Oil Sands Truth: Shut Down the Tar Sands

Refinery/Upgrader Planned for Peace Region

Refinery touted to boost Peace oilsands
Proposed bitumen-processing plant would make development worthwhile, says company
Gordon Jaremko, edmontonjournal.com
Published: 11:56 am

EDMONTON - A proposed $2.5-billion refinery in northwestern Alberta will kick-start development in the largely overlooked oilsands around Peace River, the project's sponsor predicts.

The plant will fill in a missing economic link by creating a large new market for bitumen, said Gary Brierley, chief operating officer and a partner in privately owned Bluesky Refining Inc.

Industry has only done pilot plants and experimental technology field trials in the oilsands about 300 kilometres northwest of Edmonton because the location often makes producing bitumen a money-losing proposition, Brierley said.
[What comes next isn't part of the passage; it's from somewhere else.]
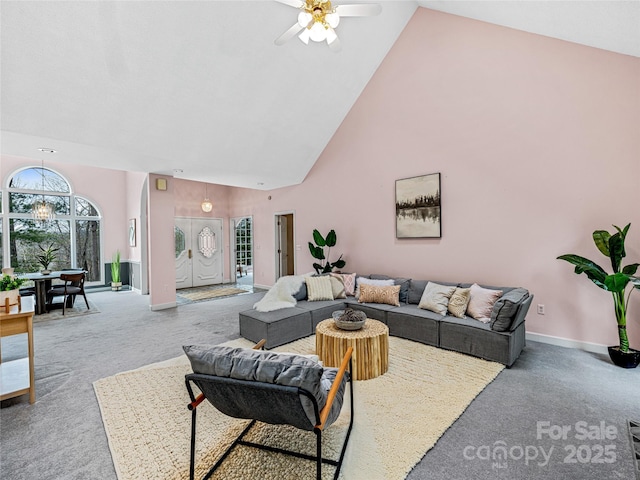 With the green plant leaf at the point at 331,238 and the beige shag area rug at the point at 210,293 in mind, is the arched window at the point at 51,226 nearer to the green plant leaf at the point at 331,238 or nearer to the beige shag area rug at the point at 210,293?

Peace River output is currently trucked at great expense as far as Lloydminster or Edmonton for upgrading or refining. Costs exceed deeply discounted prices for bitumen as the industry's crudest product, Brierley said.

His firm goes a step beyond most other upgrader projects with its plan for up to 4,000 construction workers to build a 400-employee plant using 50,000 barrels of bitumen a day by 2012 or 2013.

Instead of pumping out synthetic crude for sale to refineries, or the oilsands counterpart to conventional liquid oil, the Bluesky plant would make bitumen into gasoline and ultra low-sulphur diesel.

Pipeline service is available for refined products and new connections are developing to open up the eastern half of the United States for Alberta exports, Brierley said.

U.S. demand for imported gasoline and diesel has jumped to two million barrels per day, he said.

A bitumen refinery stands out as an attractive business proposition, added Brierley, whose credentials include long service at the Syncrude oilsands plant and processing projects elsewhere.

Bluesky would live well on a wide difference in value between Alberta's crudest oil output and refined products, he said.